There’s an old saying that says there are two certainties in life: death and taxes.
For gamers, you might want to add "no price drops for the Wii." The Wii, almost two years-old, coming November 19, has maintained its launch price of $250.
Where it once stood proudly as the least expensive game console, the Xbox Arcade, at a paltry $199, has overtaken the Wii’s status as the cheapest machine. The PS3 comes in at $399; a two hundred dollar drop from its former brain numbing launch price of $599.
Surely, with the gift-giving season almost upon us, Nintendo must be thinking price drop, right? Wrong. According to Satoru Iwata, Nintendo’s president, he doesn’t see the need or reason for doing this. Why? He doesn’t want to "offend" those Wii-ites who have purchased the Wii at full price. He also said that price drops are bad for business.
"This is my personal thinking, but when the model’s price-tag drops over time, manufacturers are telling consumers it’s better to wait, and I’ve always thought that was a mistake."
If we take Iwata’s logic a few steps further, Nintendo should have never discounted the pricing on its popular DS either because it would have been bad for business. But the real answer to why there isn’t a price drop, something that Iwata probably can’t really utter in public, is that demand for the Wii is still outstripping what Nintendo can produce. If there is that much interest in the machine after almost two years, why drop the price?
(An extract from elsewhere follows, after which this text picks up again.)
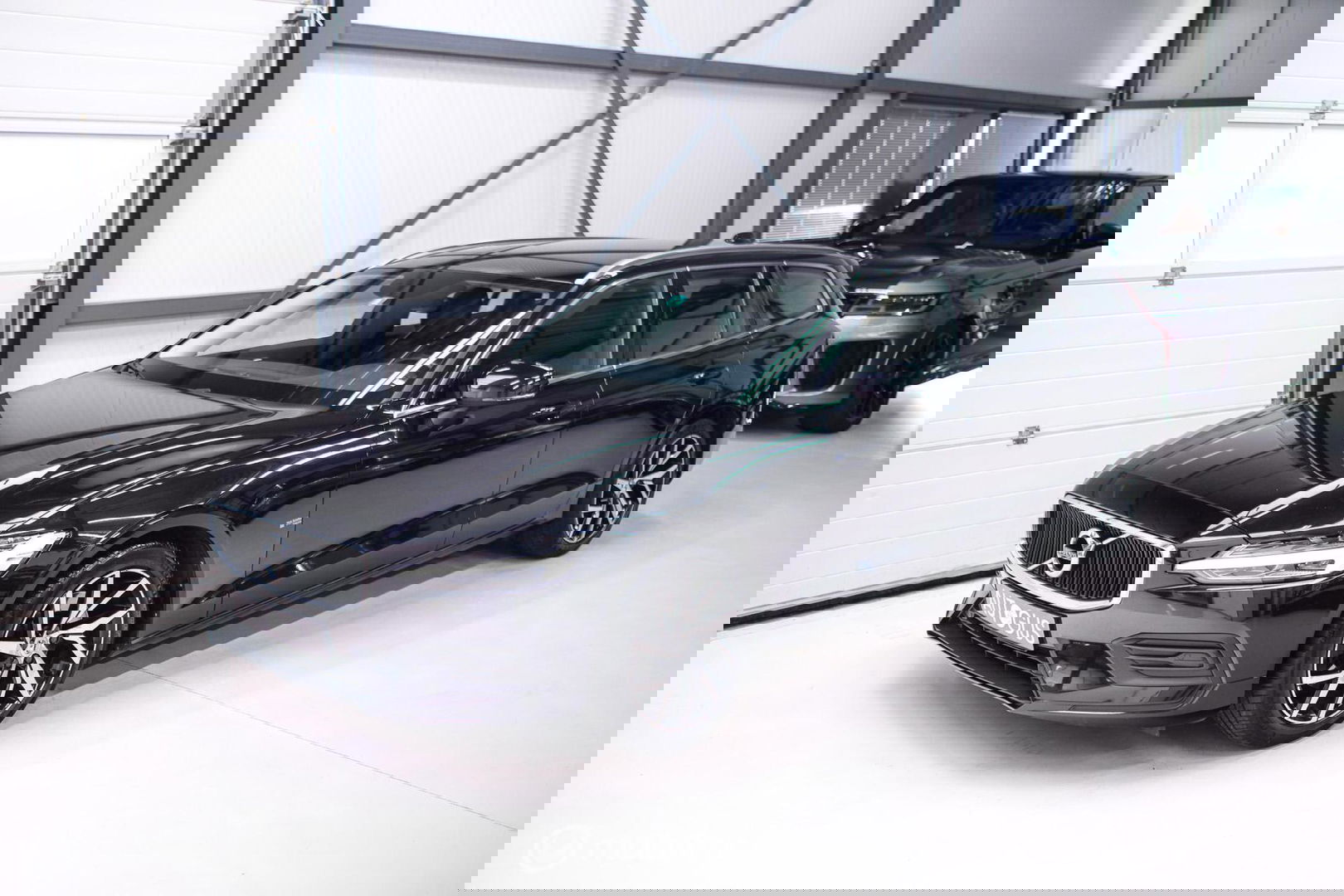 Volvo V60 2.0 T4 Momentum Pro | Trekhaak | 1e eig | Dealer onderhouden | Camera |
So at least for this holiday season, if people are still thinking about getting a Wii as a stocking stuffer, they will have to shell out the full price of admission to enter the exclusive Nintendo country club.
And if we ever do see a price drop for the Wii, it will mean that the market has finally been saturated with the machine, at which time, not only will there be a price cut, we’ll probably see Wii II on the horizon.